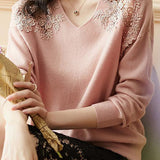 Lace and pearl V-neck sweater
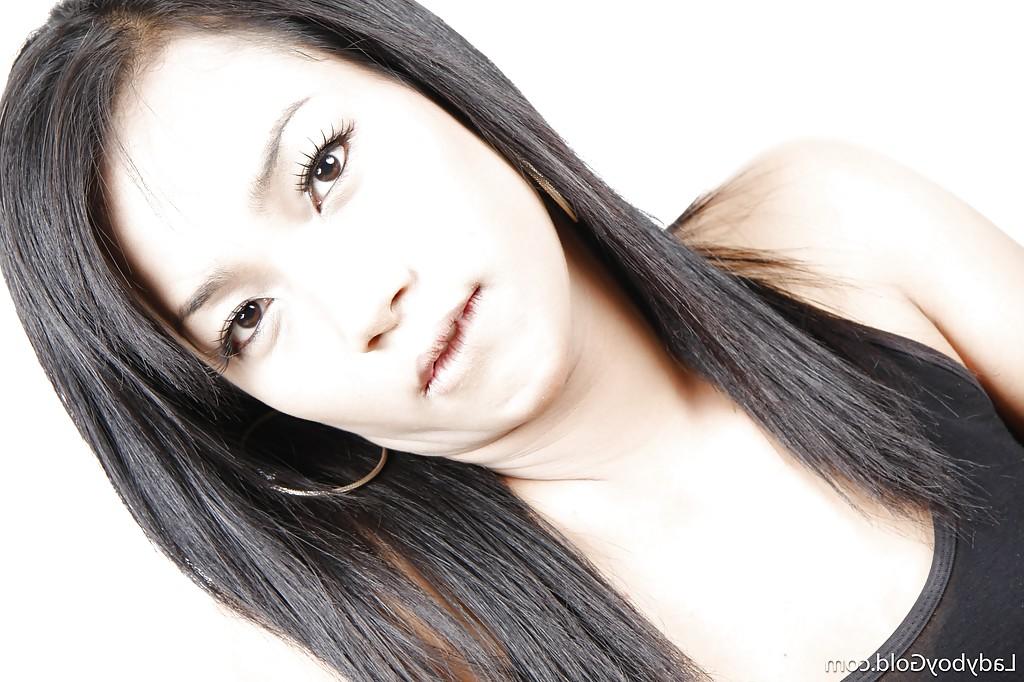 16P Brunette Asian ladyboy Balloon sucking a dick and getting fingered deep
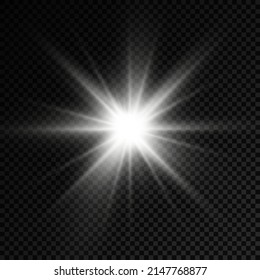Set of white glowing light burst on a transparent background, glow bright stars, the star burst with brilliance, white sun rays, light effect, flare of sunshine with rays, vector illustration, eps 10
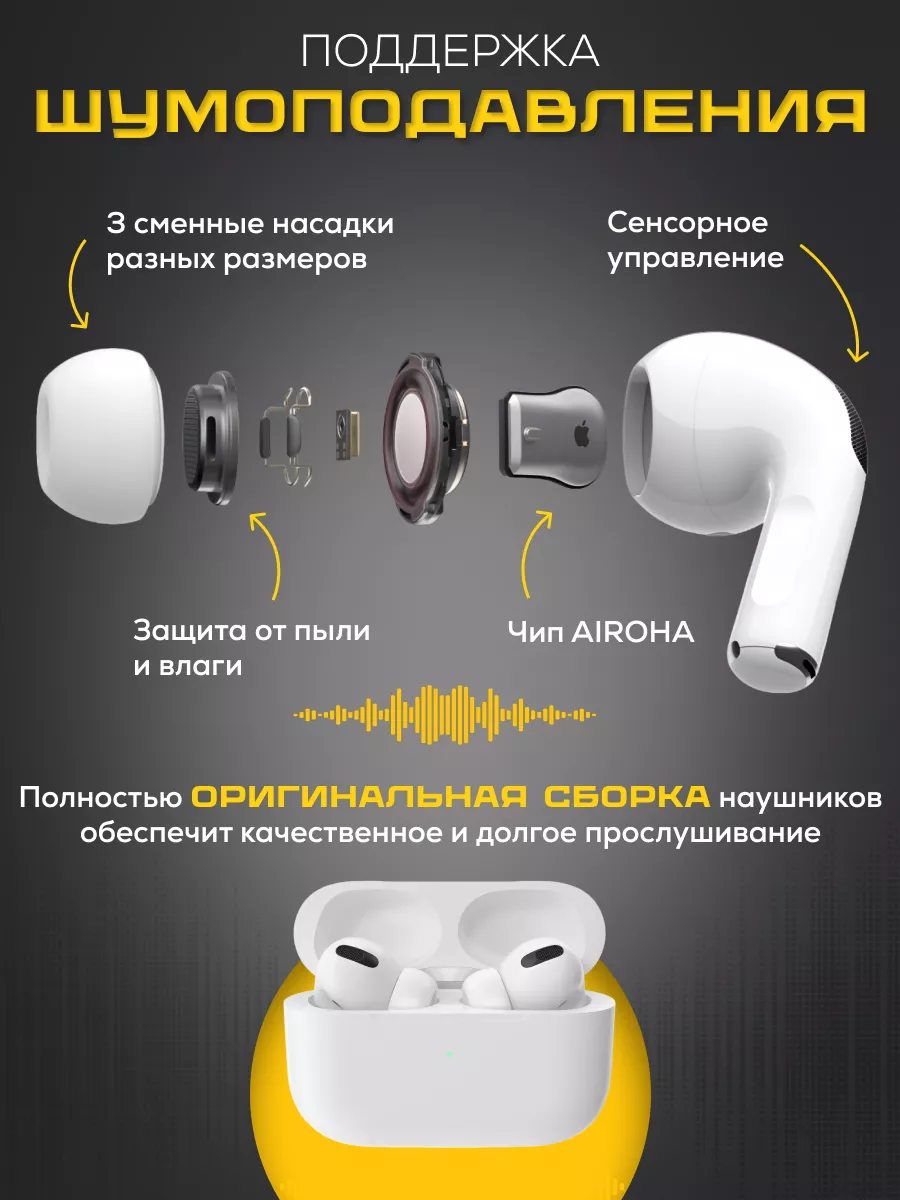 Наушники беспроводные airpods Pro 2 копия Iphone Android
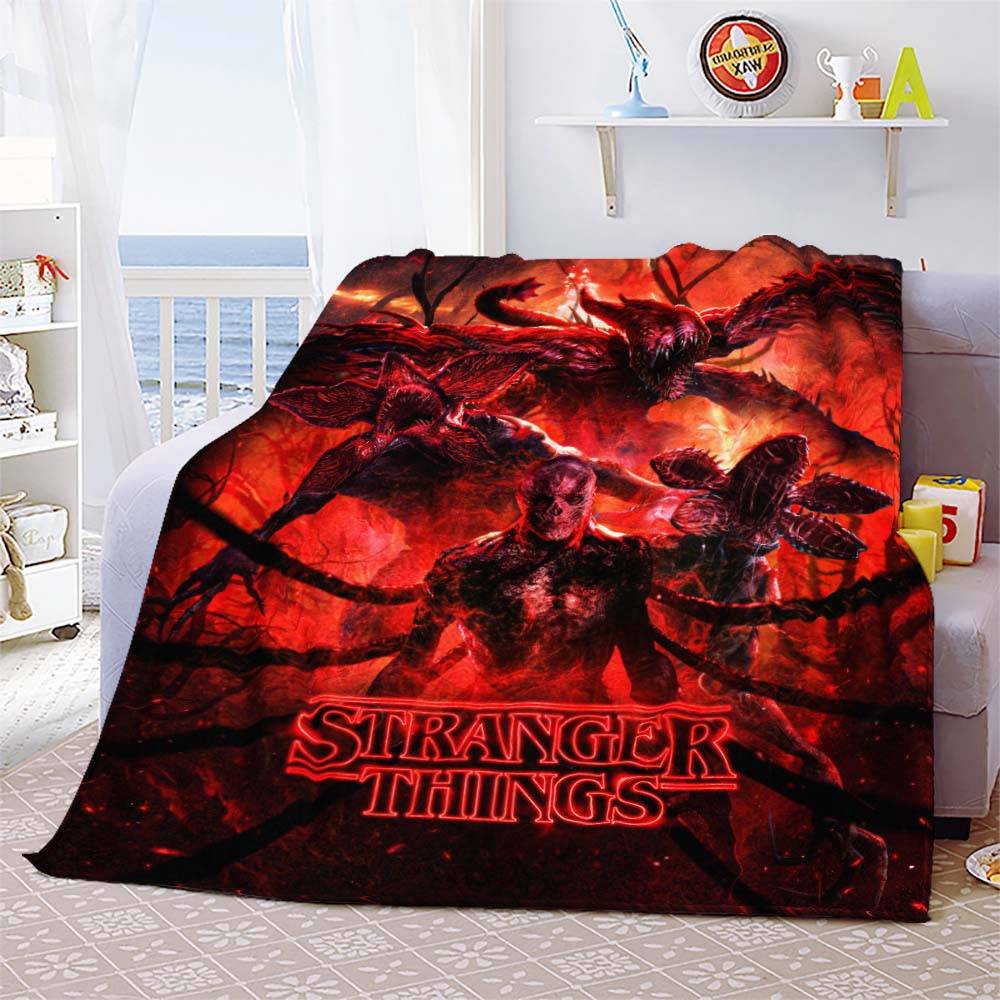 Vecna Stranger Things Mind Flayer Demogorgon Pläd Överdrag Flanell Sängar Bäddsoffa Lakan Mjuk Sängkläder Sovrumsinredning Fläktar Gåva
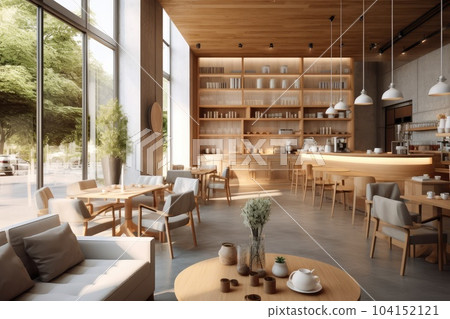Interior design coffee shop view of modern, Soft tones. 104152121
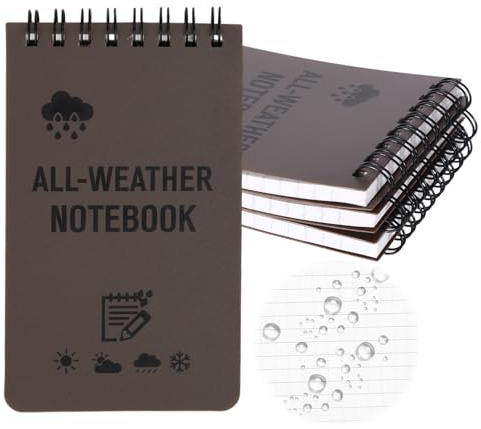 DONQTWAY Write in the Rain, 4 Stück Wasserdichtes Notizbuch, Pocket Notebook für Outdoor-Abenteuern, Regentag-Aufzeichnungen und Feldarbeit (Braun)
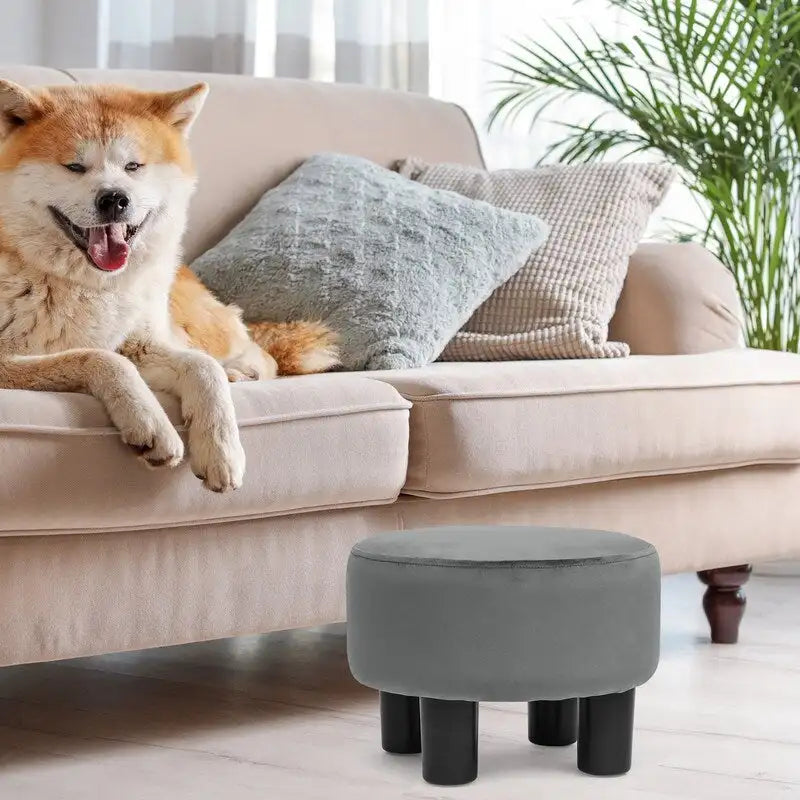 Tabouret repose-pieds rond ottoman en velours, rembourré moderne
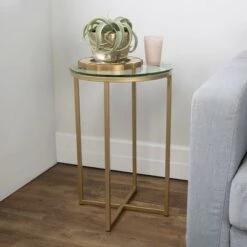 Discount ✨ Set of 2 Vivian Glam X Leg Round Side Tables Glass/Gold - Saracina Home ✔️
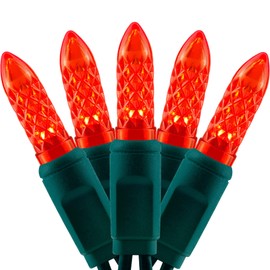 YULETIME Red Faceted LED Christmas Lights, 33 Feet 100 Count One-Piece High Waterproof UL Certified String Light (Red)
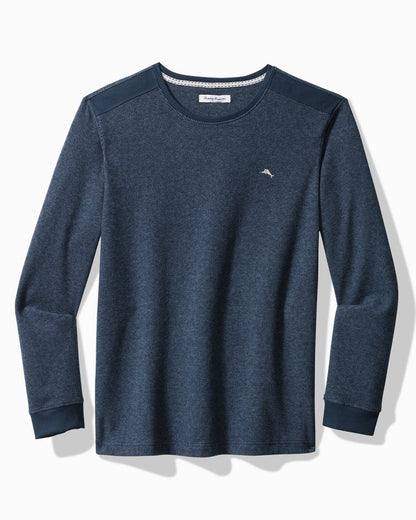 Tommy Bahama Classic - Big & Tall Textured Twill Stripe Crew Long-Sleeve Top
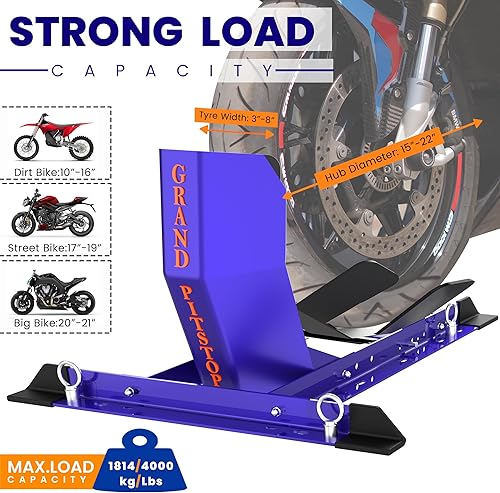 Miniatura 3 de GRAND PITSTOP Calzo de rueda universal para soporte de motocicleta para remolque, completamente ajustable, desmontable y plegable (azul)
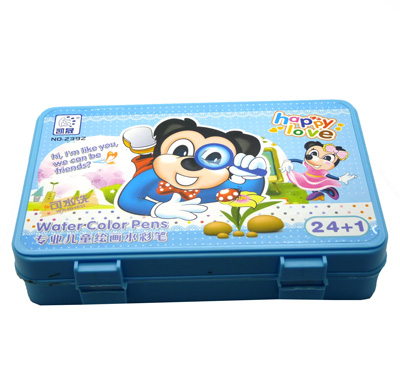 迪士尼24色带印章水彩笔 卡通手提式水彩笔 -2392-24色水彩笔 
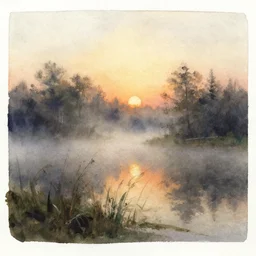 small centered on watercolor paper, paint brush strokes, abstract watercolor painting of foggy dawn, world nature, cinematic light, national romanticism by hans dahl, by jesper ejsing, by anders zorn, by greg rutkowski, by greg manchess, by tyler edlin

★ ★ ★ ★ ★ ★ ★

Exercise directions:
I'd like the lines above repeated exactly, from the one that contains "YULETIME Red Faceted" through the one that contains "迪士尼24色带印章水彩笔 卡通手提式水彩笔 -2392-24色水彩笔", with no pictures.

Result for this task:
 YULETIME Red Faceted LED Christmas Lights, 33 Feet 100 Count One-Piece High Waterproof UL Certified String Light (Red)
 Tommy Bahama Classic - Big & Tall Textured Twill Stripe Crew Long-Sleeve Top
 Miniatura 3 de GRAND PITSTOP Calzo de rueda universal para soporte de motocicleta para remolque, completamente ajustable, desmontable y plegable (azul)
 迪士尼24色带印章水彩笔 卡通手提式水彩笔 -2392-24色水彩笔 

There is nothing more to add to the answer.